Steven Spielberg mise trop sur le coté tendre de ses personnages pour faire appel aux bons sentiments de ses spectateurs et a tendance à oublier l’aventure qui font des histoires de Roald Dalh des œuvres dans lesquelles j’aime me replonger – même à mon âge. Ici, je regrette le fait que Le Bon Gros Géant n’explore pas plus le passé de ses personnages, notamment la vie de Sophie à l’orphelinat ou encore l’ancien « ami » du Bon Gros Géant, ce qui aurait permis de les étoffer un peu plus et d’éviter au film de se réduire à un bonbon sucré plutôt compliqué à digérer. En effet, bien que le film vise la famille, il dure tout de même près de deux heures : bon courage pour faire tenir des enfants en place pendant toute la durée du film !
Finalement, le vrai bon point du film reste sa réalisation. Entre numérique et esthétisme, Le Bon Gros Géant soigne ses apparences et offre un visuel enchanteur et coloré qui encapsule l’univers du film dans un monde plein de charme et sans époque. Steven Spielberg oscille aisément des décors austères et guindés du monde réel, aux vallées étonnantes du monde des géants, qui viennent booster une trame parfois linéaire qui se repose trop souvent sur le choc des cultures entre ses deux protagonistes. Malgré quelques creux, le film réussit tout de même à créer un sentiment d’évasion, même s’il faut parfois s’accrocher pour garder de l’intérêt.
Justement, au casting, Mark Rylance (Oscar du Meilleur acteur dans un second rôle dans Le Pont Des Espions, Wolf Hall, Gunman…) prête ses traits et sa voix à un Bon Gros Géant (doublé en VF par… Dany Boon – alors qu’il ressemble vachement à Benoit Poelvoorde si vous voulez mon avis) réussi et vraiment chou. À ses cotés, la jeune Ruby Barnhill parvient à lui donner la réplique avec autant de présence, malgré un rôle complexe qui aurait pu devenir agaçant très facilement.

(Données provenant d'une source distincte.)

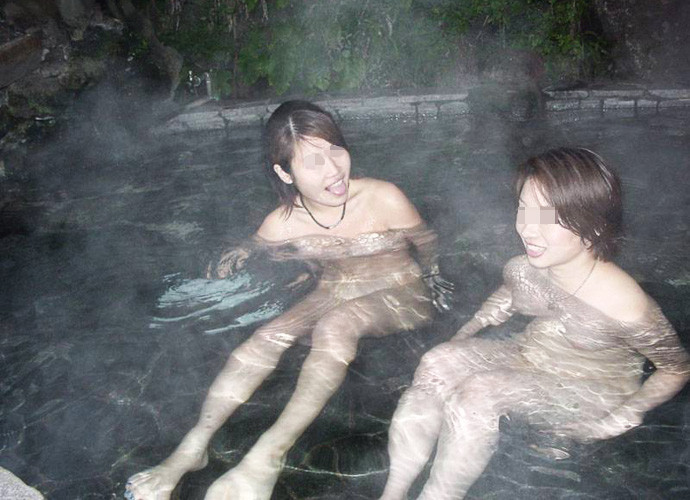【温泉旅行エロ画像】温泉旅行でテンションあげあげ～な女子大生…旅の恥はかき捨てでもFacebookにあげると一生の恥なんだぜｗｗｗ その1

Autour d’eux, beaucoup de visages connus comme Penelope Wilton (Downton Abbey, Indian Palace et Indian Palace : Suite Royale…), Rebecca Hall (Iron Man 3, Transcendence…), Rafe Spall (The Big Short, Et (Beaucoup) Plus Si Affinités…) et aussi Bill Hader (Vice Versa, Crazy Amy…) qu’il faudra reconnaître !
En conclusion, Steven Spielberg a beau être un réalisateur accompli pouvant se permettre de faire ce qu’il veut, il n’est pas à l’abri de quelques faux pas, même après l’acclamé Pont Des Espions. Attachant et coloré, il ne manquait pas grand chose pour faire du Bon Gros Géant un conte de Noël avant l’heure, mais entre longueurs et trame peu dynamique, le dernier film signé Spielberg s’étouffe dans des bons sentiments souvent superficiels dont on ne retient que l’esthétique sublime et enchanteresse. À tenter.